Required work ▸ Could you transcribe exactly the lines below, from the line with "Kensington Park, 12061" through the line with "Hydraulic Oil Supplier in Ludhiana", and nothing else, leaving out the pictures?

Data listing ▸

((

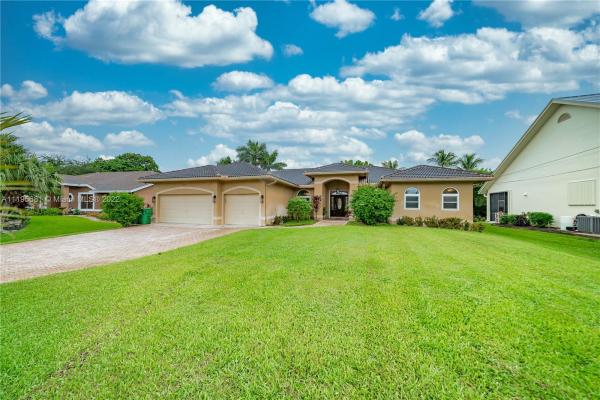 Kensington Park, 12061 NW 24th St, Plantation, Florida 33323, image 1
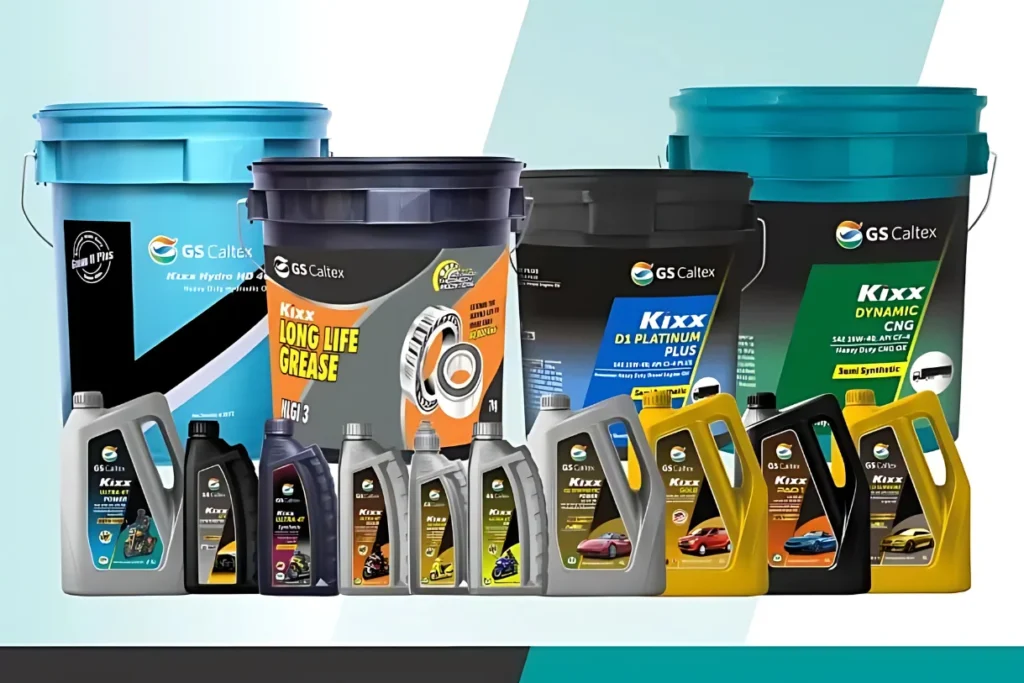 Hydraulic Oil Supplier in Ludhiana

))
((

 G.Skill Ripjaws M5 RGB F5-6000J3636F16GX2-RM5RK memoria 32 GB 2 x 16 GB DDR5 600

))
((

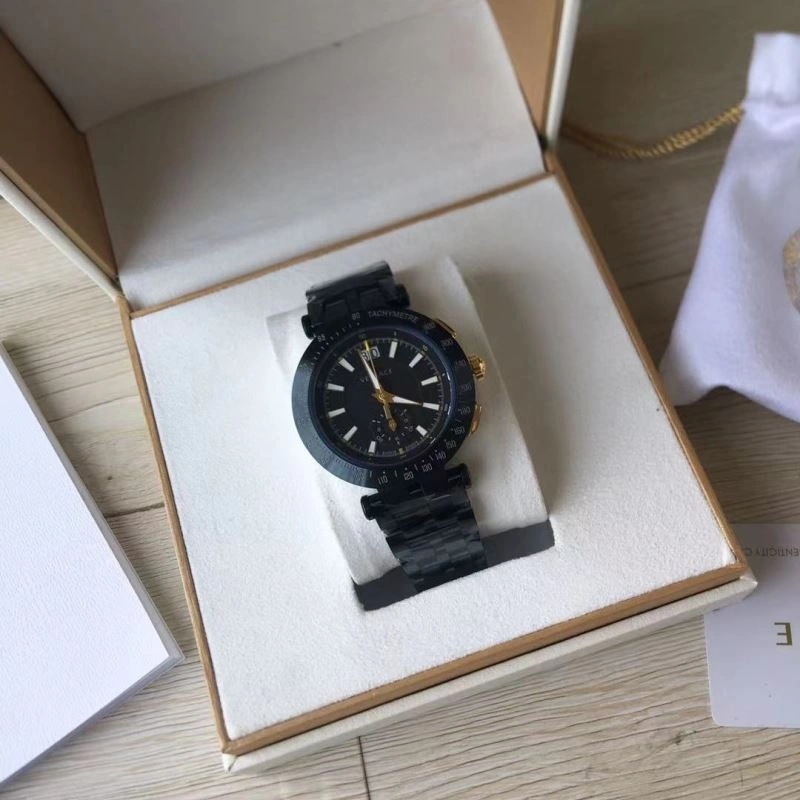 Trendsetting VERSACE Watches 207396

))

Output for this exercise ▸
 Kensington Park, 12061 NW 24th St, Plantation, Florida 33323, image 1
 Hydraulic Oil Supplier in Ludhiana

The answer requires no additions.